25 February 2015 By Robert Cyran

It’s Groundhog Day at Computer Sciences. Activist investor Jana Partners and the $10 billion IT services firm’s bosses have incentives to sell, and news reports suggest the company is considering doing just that. But past attempts to find a buyer have foundered.

CSC’s brand of technology services is an awful business, as the company’s declining sales over the past four years demonstrate. Competition is intense, and technological changes are hurting. Cheaper and more user-friendly cloud-based options mean enterprises need fewer of the once ubiquitous IT consultants.

The company’s management, installed three years ago, has cut costs, moved work offshore and cleaned up an accounting mess. While sales have shrunk almost 20 percent over four years, operating margins have nearly doubled to 11 percent.

That’s progress, but rising margins in the declining tech services market merit skepticism. IBM fought off gravity for many years, as did Hewlett-Packard. But both did it by cutting too deep and ended up alienating clients with sub-par service.

The leveraged buyout of Dell in 2013 showed that declining business lines don’t have to be a deal killer. And CSC at first glance looks cheap. It is expected to earn about $2.2 billion of EBITDA in the year to March 2016, according to Thomson Reuters data. The company’s enterprise value is about five times that figure, implying roughly a 20 percent valuation discount to peers.

Funnily enough, CSC boasted a remarkably similar enterprise value and looked similarly undervalued when buyout firms circled in 2006, when no deal emerged. Borrowing rates are lower today, but it’s still hard to imagine a buyer loading up CSC with debt knowing its business is shrinking and margins could collapse. CSC should deliver about $700 million in free cash flow this fiscal year. A sustainable annual rate may be $450 million, according to DeepDive Equity Research.

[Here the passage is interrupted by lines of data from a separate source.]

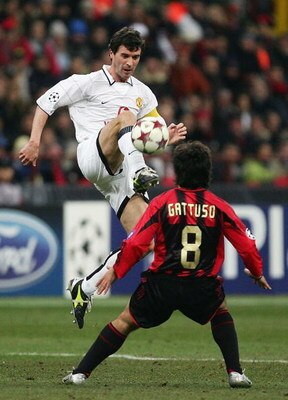 MILAN, ITALY - MARCH 8:  Roy Keane of Manchester United challenges Gattuso of AC Milan during the UEFA Champions League match between AC Milan and Manchester United on March 8, 2005 at the San Siro Stadium in Milan, Italy. (Photo by Mike Hewitt/Getty Imag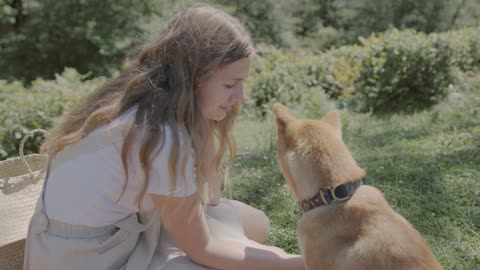 A Woman Petting Her Dog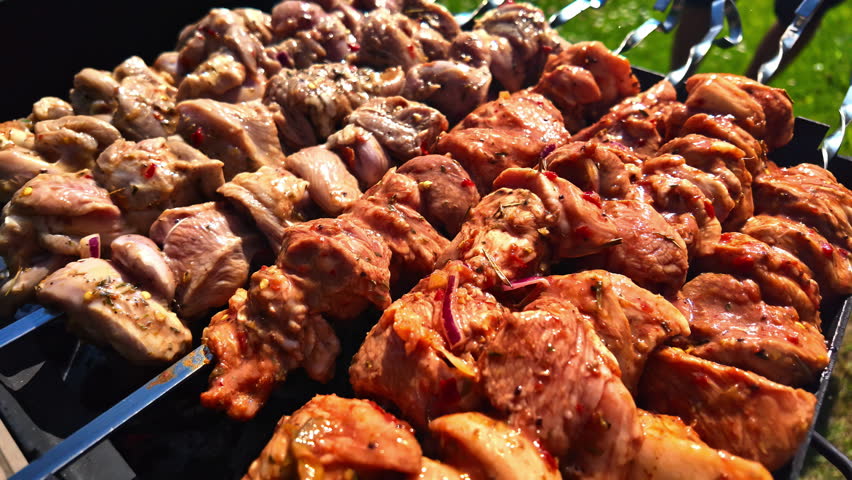 Close-up shot of roasted chicken meat on a skewer in the garden barbecue camping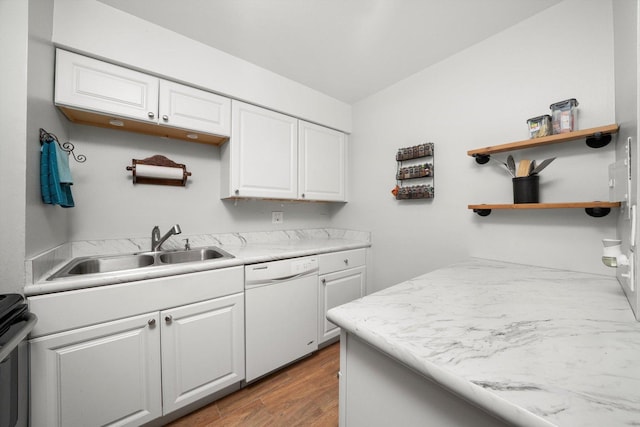 kitchen with white cabinets, white dishwasher, light wood-style floors, open shelves, and a sink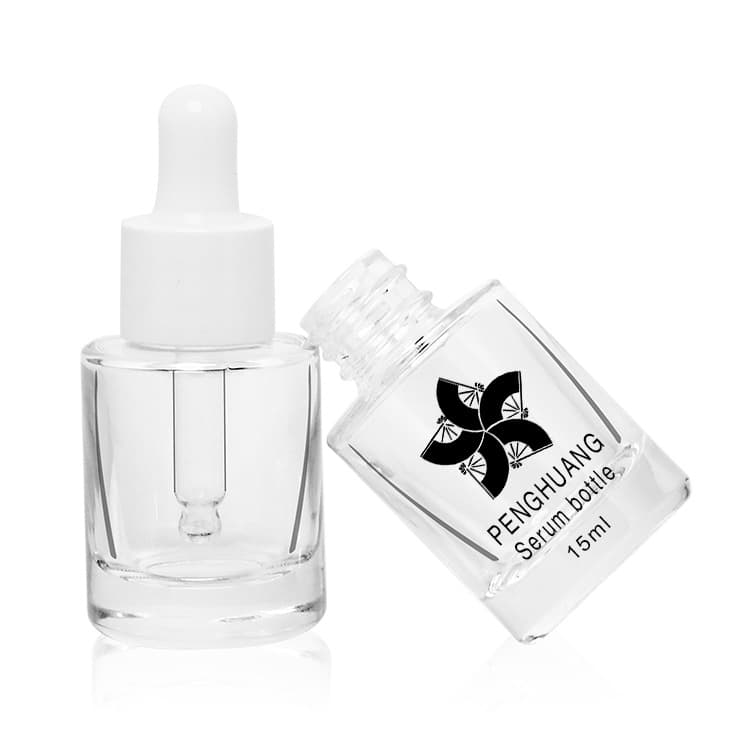 Cosmetic packaging — Custom wholesale round skin care eye drop essence packaging clear 15ml glass dropper bottle cosmetic glass serum bottle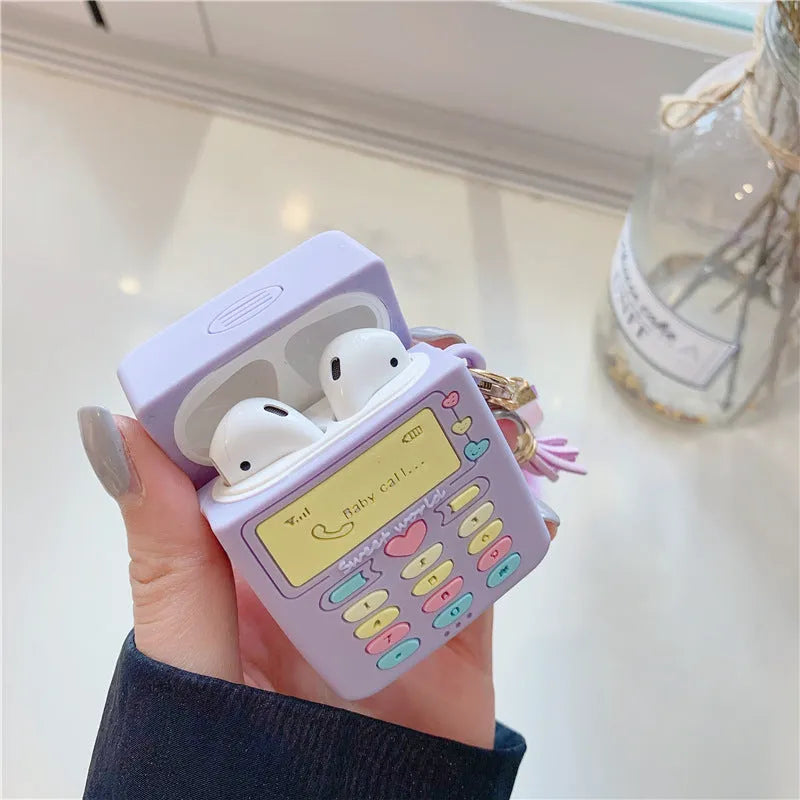 Purple silicone protective case for Apple AirPods with detachable fur ball pendant accessory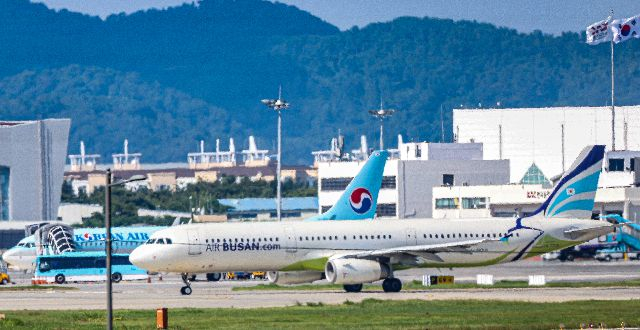 김해국제공항 활주로에 에어부산 여객기가 대한항공 여객기 앞을 지나가고 있다. 부산일보DB
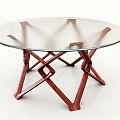 Modern Coffee Table With Round Glass Top And Red Wooden Crossed Legs Design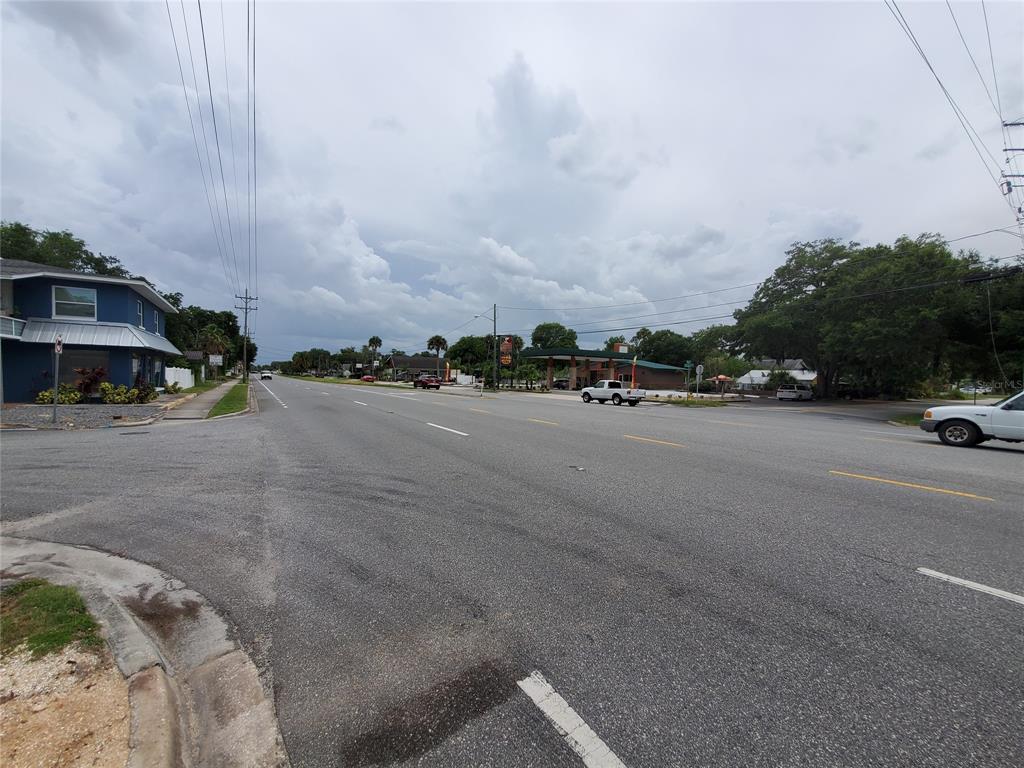 A view of a multi-lane road with a gas station and buildings in the distance — 903 N DIXIE FREEWAY, NEW SMYRNA BEACH, FL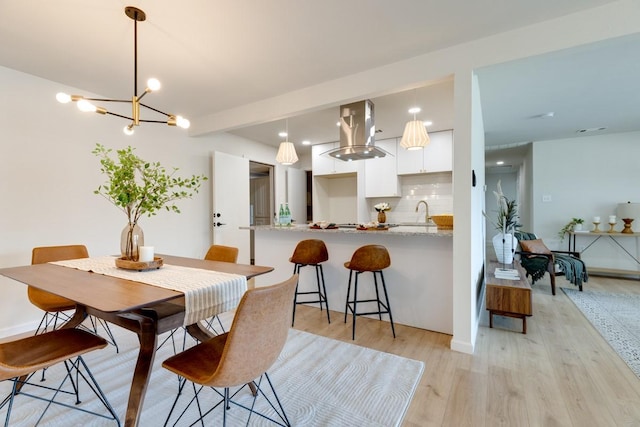 dining room featuring sink and light hardwood / wood-style floors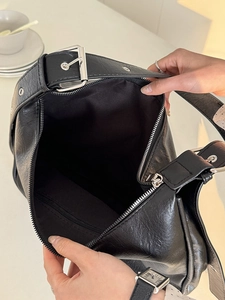 Detailed top view of a black leather tote bag with silver zipper and spacious interior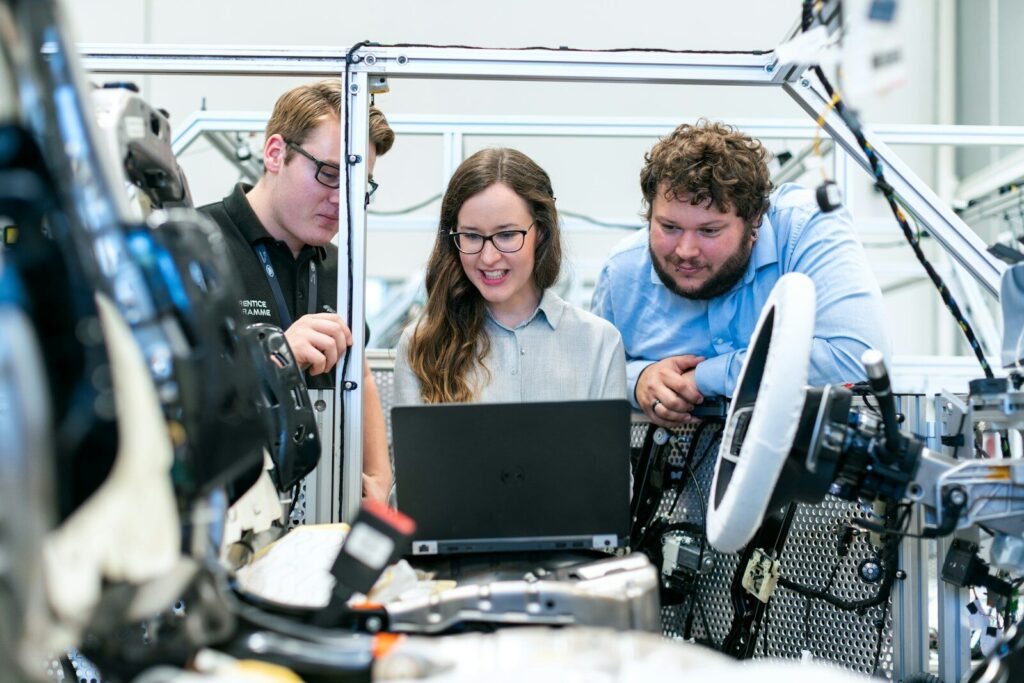 Three people looking at a laptop screen in an automotive assembly workspace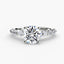 Round diamond ring with a side diamonds white gold on a white background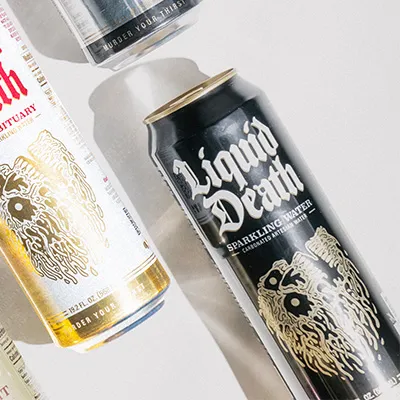 Liquid Death sparkling water black can beside a white can on a light surface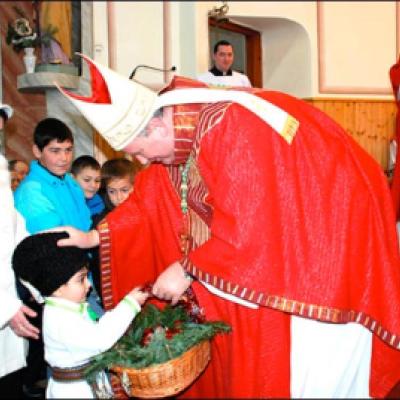 26 decembrie 2009: Iugani: Vizita episcopului Aurel Percă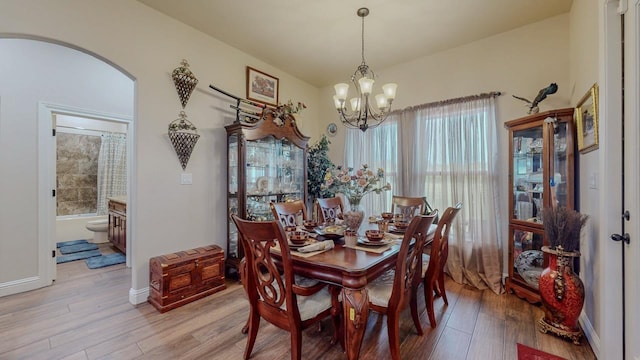 15360 Hercules Dr, Beaumont, TX 77713 - dining room featuring a chandelier, arched walkways, and light wood-type flooring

That kind of dropoff could turn typical LBO leverage deadly. Splitting CSC up may be a better value-creating step. The company’s government arm accounts for about a third of revenue and its recurring contracts are attractive. Peers trade at about nine times EBITDA, or an 80 percent premium to CSC’s valuation as a whole. Breaking off a gem like that would at least buy time for the rest of the business.